The Arizona Board of Education and the Arizona Department of Education are flouting state law by not immediately disclosing school performance ratings, though the schools themselves have access to their grades.
The new A-F grading system, years in the making, plays into some aspects of state funding, and it also affects parents’ choices on where to send their kids.
And next year, the school grades will decide if schools qualify for extra funding under Gov. Doug Ducey’s results-based funding plan, which financially rewards high-performing schools.
The Board of Education put out a press release in September saying that schools would receive their grades near the end of September, but the grades would be “embargoed” and kept confidential until October 9. An embargo is a media term for restricting the use of information until an agreed upon time.
The Arizona Capitol Times requested all schools’ letter grades from both the department and the board, but has been unable to access them at this point.
The board denied the records request, saying it does not keep or maintain a database of school letter grades.
Meanwhile, the department said it would not release the information yet because the board has made a determination that it won’t release them until October 9. The Board of Education had previously voted to embargo the grades during an appeals period.
But the whole idea of an “embargo” on public information doesn’t fly under public records laws, First Amendment attorney Dan Barr said.
Embargoes are typically used when someone is giving a speech or ahead of an event based on information expected to be released during that event, he said. But there’s nothing in public records laws that allows agencies or officials to put an embargo on public documents once they’ve been distributed, he said.
“Public bodies don’t get to say, I won’t comply with statutes today, but I will next week,” he said.
Some schools have already released their grades publicly after receiving public records requests. But replicating the full file of letter grades this way would not be practical for anyone interested in seeing how public schools fared overall.
The Tucson Unified School District, for example, released its grades October 3, which showed the district had more failing schools than high-ranking schools.

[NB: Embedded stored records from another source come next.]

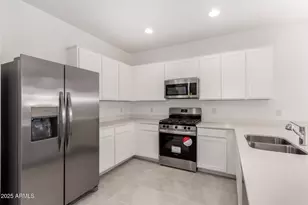 15564 W Williams St, Goodyear, AZ 85338 - Photo 10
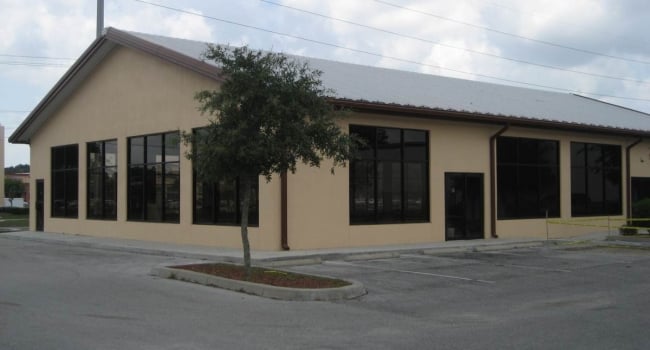 retail metal building with glass storefront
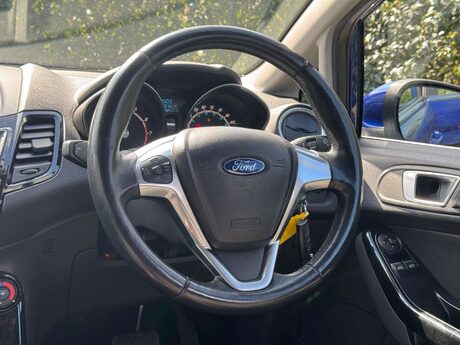 Ford Fiesta 1.6 Zetec Powershift Euro 5 5dr 22
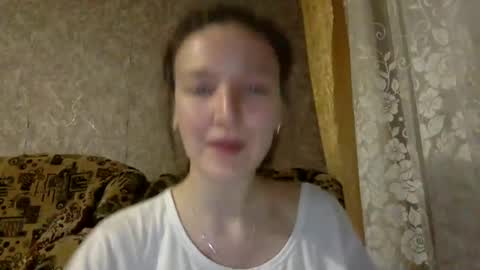 Snapshot of shining_pearl chatting on February 26, 2025, 6:32 pm Jesica online show from February 26, 2025, 6:32 pm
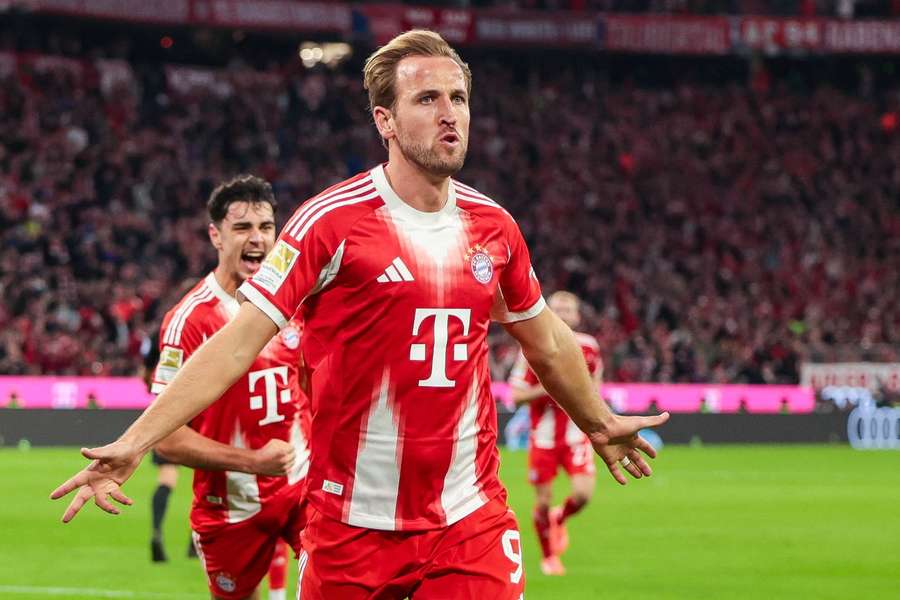 Harry Kane slaví gól ve šlágru s Dortmundem.
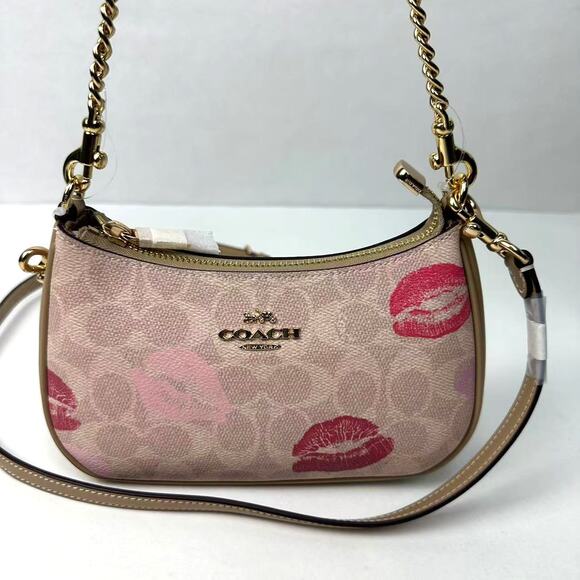 Coach CZ943 Teri Mini Crossbody Bag In Signature Canvas With Lips Print IN Sand - Picture 2 of 13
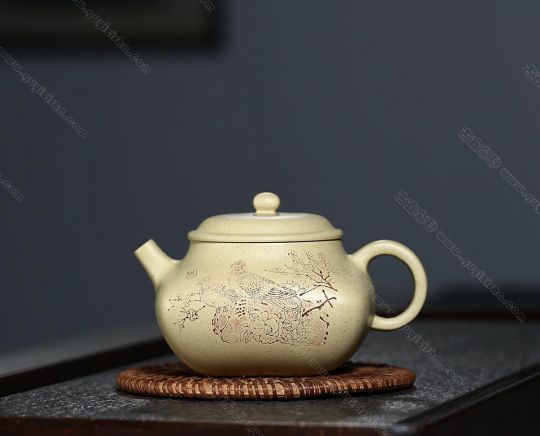 春滿玉壺 春滿玉壺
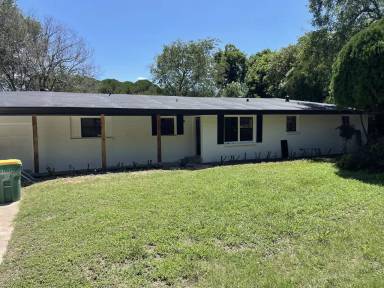 Main picture of 310 W Billington Dr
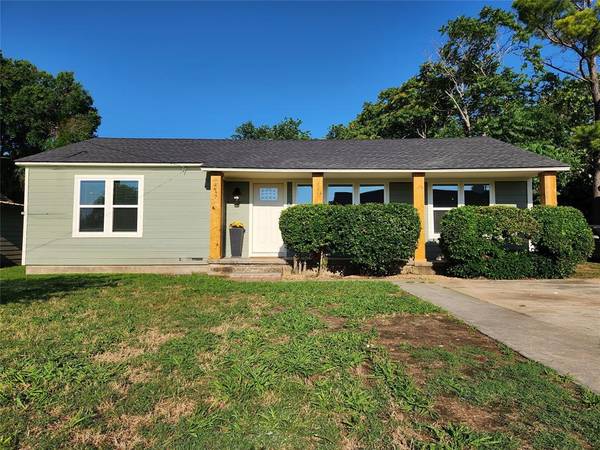 417 N HOWETH Street, Gainesville, TX 76240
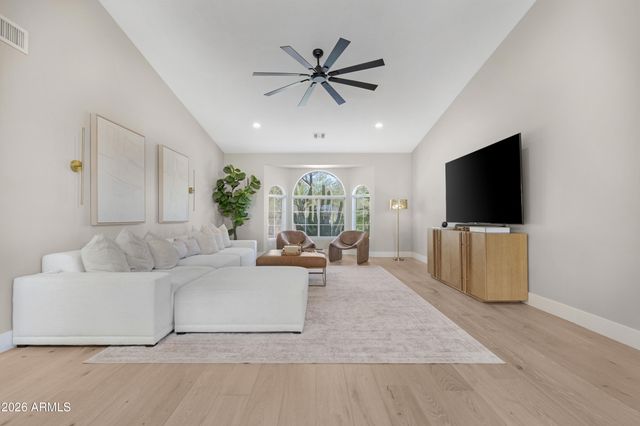 1825 E MARILYN Road, Phoenix, AZ 85022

The state Department of Education is the custodian of the school letter grade records, department spokesman Dan Godzich said.
A complete file of schools is not yet complete, though schools themselves can log into a state system and access their grades, he said.
It’s unclear how each school would be able to see their grades if there’s not some sort of overall data they’re pulling from.
Godzich said the complete file of schools should be ready sometime next week, which coincides with the embargo date, and noted the complexity of changing to a new letter grade system.
He referred questions about how an embargo period complies with state statutes on public records back to the Board of Education, which also sidestepped the question.
Last week, board spokesman Catcher Baden said the schools will have an opportunity to appeal their grades before the embargo period ends.
“When the grades become available to the public on October 9, there will not be a letter grade displayed for schools that have appealed but instead, there will be a note indicating that the grade is under appeal,” Baden said.
Then, a subcommittee of the board will review appeals and make recommendations to the full board, he said.
In the board’s September press release, the board set the October 9 embargo date and told schools not to release their grades before it.
“In the event of the receipt of a public records request for the letter grades during the embargo period, schools should consult their legal counsel for guidance,” the release said.
During the embargo period, schools can appeal their letter grades “based on extreme circumstances that are outside of the school’s control (i.e. a tornado touched down near the school on the week of testing and negatively affected student performance),” according to the release.
Under the new grading system, K-8 schools will be graded based on student proficiency (weighted at 30 percent), student growth (50 percent), English Language Learners’ growth and proficiency (10 percent) and acceleration and readiness measures (10 percent).
For high schools, the grading system will consider student proficiency (30 percent), student growth (20 percent), ELL growth and proficiency (10 percent), graduation rates (20 percent), and college and career readiness (20 percent).
After this story published, a reporter from the Arizona Center for Investigative Reporting attempted to inspect the school letter grade records, allowable under state statutes, at the Department of Education. The AZCIR reporter was forcibly removed from the department by a security guard.